Patrolled by guards and dogs, illuminated by floodlights and fortified by barbed wire and watchtowers, the Berlin Wall divided the city for 28 years.

Running through the city and around the outskirts, it stretched over 155 kilometres (96 miles). Thousands of escape attempts were made and 140 people died trying to make the crossing.

Find out why the Wall was built and how it changed life in Berlin.

An East and West Divided


"I’m here in Potsdamer Platz, a public square in the centre of Berlin where east and west once met. In the years following the Second World War, Germany was divided between the allied nations. Britain, America and France occupied West Germany or the Federal Republic of Germany, the FRG.

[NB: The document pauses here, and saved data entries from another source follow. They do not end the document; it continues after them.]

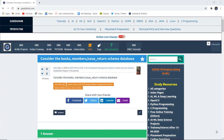Hello everyone. I'm Sukanya from GoEDU Hub Technologies and in this video we are considering tables Books, Members, and Issue Return for a library management schema database.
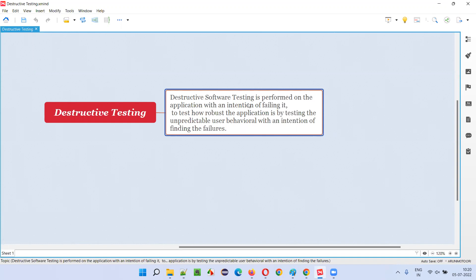As part of destructive testing, software testers need to find out how robust — how strong and stable — the application is. Once normal defects have been fixed and the application reaches a stage where it is confirmed as stable, testers will go to extreme levels and test the software with an intention of failing it, even though major defects are fixed and the application is working seamlessly.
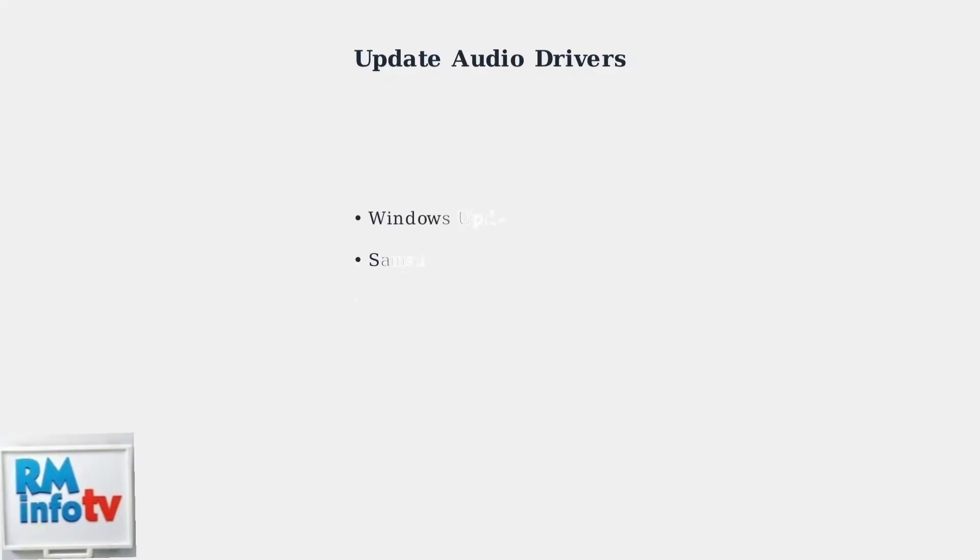Keep your drivers updated through Windows Update, Samsung Update, or your device manufacturer's website. Graphics card drivers often include audio drivers for the HDMI port.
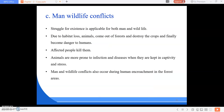Next is man-wildlife conflict — the struggle for existence. This is applicable for both man and wild animals. Due to habitat loss, animals come out of the forest and destroy crops, and later become a danger to human beings. Affected villagers then kill them. There are many cases of conflict between man and wildlife, and in these cases the forest department finds it difficult to gain cooperation from affected people for wildlife conservation.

East Germany became a satellite state of the Soviet Union known as the German Democratic Republic or GDR. Germany’s capital, Berlin, was situated deep within East Germany but was similarly divided with American, British and French sectors in West Berlin and the Soviet sector in East Berlin.

Beneath my feet is a line which demarcates where an impenetrable border once stood, it was called the Berlin Wall.

The Berlin Wall divided the city for 28 years. It was constructed on the 13th of August 1961 to prevent the movement of people from communist East Berlin and East Germany into democratic West Berlin. A Border already existed, but this new physical barrier meant that the city was completely separated.

The speed at which this happened came as a shock to residents from both sides. Its construction parted families, destroyed buildings and changed the entire cityscape.

Here are some of the original Berlin Wall sections on display in Potsdamer Platz. When the Berlin Wall was first constructed it was formed of bricks, barbed wire and concrete blocks.

But by the 1980s large sections of it were much more sophisticated. L-shaped, reinforced concrete slabs like this one were lined up alongside each other to create a solid structure over 3 meters high.

However, the Berlin Wall was not just one wall, it was two. With an area of land in the middle known as the’ death strip’. This contained watch towers, alarmed wire mesh fencing and anti-vehicle obstacles, all patrolled by armed guards and their dogs and illuminated by floodlights.

Despite these complex fortifications, over 5000 successful escapes took place through the border system between 1961 and 1989.

The total length of the Berlin Wall, through the city and around the outskirts, was over 155km in length. That’s 96 miles long. Surprisingly these sections here are some of the few still standing in Berlin.

After the fall of the Berlin Wall in 1989, individual sections were dismantled and sold and can now be found in over 100 locations all over the world.

This section of wall was acquired in 1991 by Imperial War Museums and can now be found outside Imperial War Museum London."